US Pat. No. 3,308,069 International publication 2011/013560 pamphlet JP 2010-215434 A

  However, depending on the type of beta zeolite used as a raw material, when the above-described treatment is performed as a technique for increasing the Si / Al ratio, the crystal structure of the zeolite may be destroyed.

  The subject of this invention is providing the manufacturing method of the beta type zeolite which can eliminate the various fault which the prior art mentioned above has.

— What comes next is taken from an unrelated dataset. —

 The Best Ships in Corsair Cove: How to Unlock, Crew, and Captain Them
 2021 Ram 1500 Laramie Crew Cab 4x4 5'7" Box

  In the present invention, the raw beta-type zeolite is made into an ammonium type by ion exchange, then the beta-type zeolite is exposed to water vapor, and the exposed beta-type zeolite is subjected to an acid treatment to increase the Si / Al ratio. The above-mentioned problems are solved by providing a method for producing a beta zeolite, which is characterized in that a beta zeolite is obtained.

  According to the present invention, a beta zeolite having a high Si / Al ratio can be easily produced without destroying the crystal structure of the zeolite.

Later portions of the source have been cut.